The cabin was built originally by the U.S. government, and it served as a stopover on what was a military road that followed today's highway 55 and kept going to Three Lakes and eventually to Michigan. Before that, the road was an Indian footpath for migration, and one can deduce that animals followed the path on a north-south route.

Now 85 years old, the senior Ackley said that he lived in the cabin at one time, from age twelve to age eighteen. "Back in those days," he said, "I thought I was living in a mansion. My mother and father lived in a tarpaper shack, dirt for a floor," Ackley, Sr. said.

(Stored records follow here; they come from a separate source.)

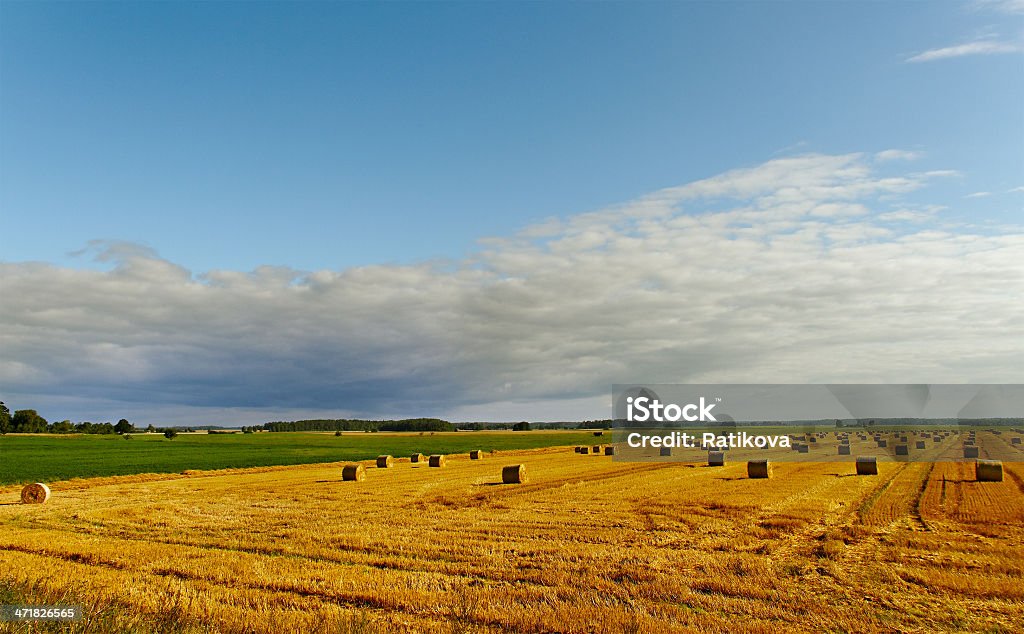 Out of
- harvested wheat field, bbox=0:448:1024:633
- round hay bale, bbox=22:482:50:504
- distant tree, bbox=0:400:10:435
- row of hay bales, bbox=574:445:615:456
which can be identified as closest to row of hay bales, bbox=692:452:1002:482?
harvested wheat field, bbox=0:448:1024:633

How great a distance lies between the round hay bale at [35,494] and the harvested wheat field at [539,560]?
2530 millimetres

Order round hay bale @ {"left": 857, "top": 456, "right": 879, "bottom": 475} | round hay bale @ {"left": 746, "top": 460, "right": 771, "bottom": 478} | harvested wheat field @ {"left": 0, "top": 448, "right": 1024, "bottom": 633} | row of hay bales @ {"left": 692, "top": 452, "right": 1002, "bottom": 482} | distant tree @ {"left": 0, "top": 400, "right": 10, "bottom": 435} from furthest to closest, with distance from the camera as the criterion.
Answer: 1. distant tree @ {"left": 0, "top": 400, "right": 10, "bottom": 435}
2. round hay bale @ {"left": 857, "top": 456, "right": 879, "bottom": 475}
3. round hay bale @ {"left": 746, "top": 460, "right": 771, "bottom": 478}
4. row of hay bales @ {"left": 692, "top": 452, "right": 1002, "bottom": 482}
5. harvested wheat field @ {"left": 0, "top": 448, "right": 1024, "bottom": 633}

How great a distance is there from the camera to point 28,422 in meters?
149

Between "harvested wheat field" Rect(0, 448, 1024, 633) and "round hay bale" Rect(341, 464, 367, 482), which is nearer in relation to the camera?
"harvested wheat field" Rect(0, 448, 1024, 633)

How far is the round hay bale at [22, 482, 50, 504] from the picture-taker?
27078mm

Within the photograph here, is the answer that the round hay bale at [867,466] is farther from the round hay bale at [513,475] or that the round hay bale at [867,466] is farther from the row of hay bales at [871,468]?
the round hay bale at [513,475]

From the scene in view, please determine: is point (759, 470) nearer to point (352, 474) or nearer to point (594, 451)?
point (352, 474)

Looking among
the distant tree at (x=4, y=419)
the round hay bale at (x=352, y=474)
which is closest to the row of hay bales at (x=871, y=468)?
the round hay bale at (x=352, y=474)

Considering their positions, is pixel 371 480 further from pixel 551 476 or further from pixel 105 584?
pixel 105 584

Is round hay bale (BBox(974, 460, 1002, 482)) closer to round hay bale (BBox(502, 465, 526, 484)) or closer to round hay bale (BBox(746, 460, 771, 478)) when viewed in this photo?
round hay bale (BBox(746, 460, 771, 478))

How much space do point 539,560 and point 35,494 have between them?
22504 mm

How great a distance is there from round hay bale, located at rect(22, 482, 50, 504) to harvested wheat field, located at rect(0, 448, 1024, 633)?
2.53 metres

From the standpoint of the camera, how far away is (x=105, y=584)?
12172mm

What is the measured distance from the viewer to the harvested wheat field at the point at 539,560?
33.1 ft
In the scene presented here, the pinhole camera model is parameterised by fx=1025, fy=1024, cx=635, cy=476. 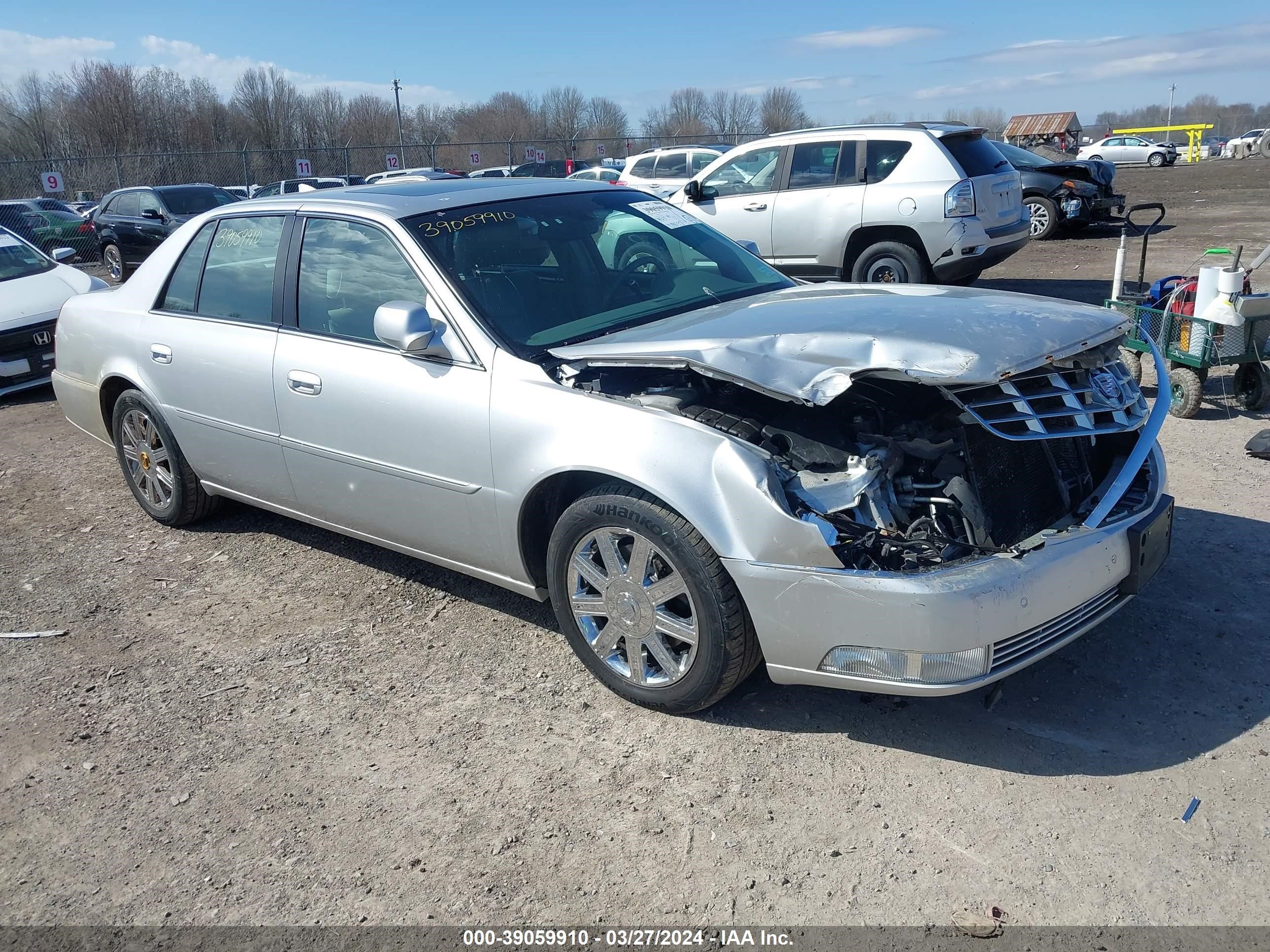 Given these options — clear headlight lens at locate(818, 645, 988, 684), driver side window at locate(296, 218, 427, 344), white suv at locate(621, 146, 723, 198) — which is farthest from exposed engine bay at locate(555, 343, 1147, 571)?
white suv at locate(621, 146, 723, 198)

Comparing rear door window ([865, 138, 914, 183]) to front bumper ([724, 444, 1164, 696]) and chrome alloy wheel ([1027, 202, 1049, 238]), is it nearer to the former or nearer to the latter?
chrome alloy wheel ([1027, 202, 1049, 238])

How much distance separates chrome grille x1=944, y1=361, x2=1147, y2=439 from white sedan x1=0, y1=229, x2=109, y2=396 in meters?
8.70

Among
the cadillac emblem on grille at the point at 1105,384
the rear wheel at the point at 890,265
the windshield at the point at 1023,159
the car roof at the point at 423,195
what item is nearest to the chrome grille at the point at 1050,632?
the cadillac emblem on grille at the point at 1105,384

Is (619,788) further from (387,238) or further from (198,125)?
(198,125)

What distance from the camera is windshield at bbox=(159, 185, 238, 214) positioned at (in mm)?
18141

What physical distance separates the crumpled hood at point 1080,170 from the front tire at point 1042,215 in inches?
19.8

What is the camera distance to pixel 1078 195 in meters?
15.9

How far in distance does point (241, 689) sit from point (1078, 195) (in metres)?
15.6

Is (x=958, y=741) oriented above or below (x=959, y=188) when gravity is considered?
below

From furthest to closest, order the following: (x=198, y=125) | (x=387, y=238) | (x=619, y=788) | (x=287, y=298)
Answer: (x=198, y=125)
(x=287, y=298)
(x=387, y=238)
(x=619, y=788)

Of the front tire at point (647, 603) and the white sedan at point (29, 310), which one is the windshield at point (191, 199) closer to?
the white sedan at point (29, 310)

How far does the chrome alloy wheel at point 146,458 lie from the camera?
17.4 feet

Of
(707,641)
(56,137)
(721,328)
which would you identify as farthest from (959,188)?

His story of education is one of both travesty and triumph. When the government decided members of Indian nations should go to school and rid themselves of their native tongues, he was whisked off to Lac du Flambeau at the age of five. Ackley was not allowed to speak Ojibwe, his own language and all he knew. He asked a girl where to go to the bathroom. The teacher beat him on the back of his hand with a stick. The scars remain today.

"My hand was bleeding," Ackley said. "The more she hit me – I never cried – I wondered why she was beating me."

He couldn't express himself in any language except his own.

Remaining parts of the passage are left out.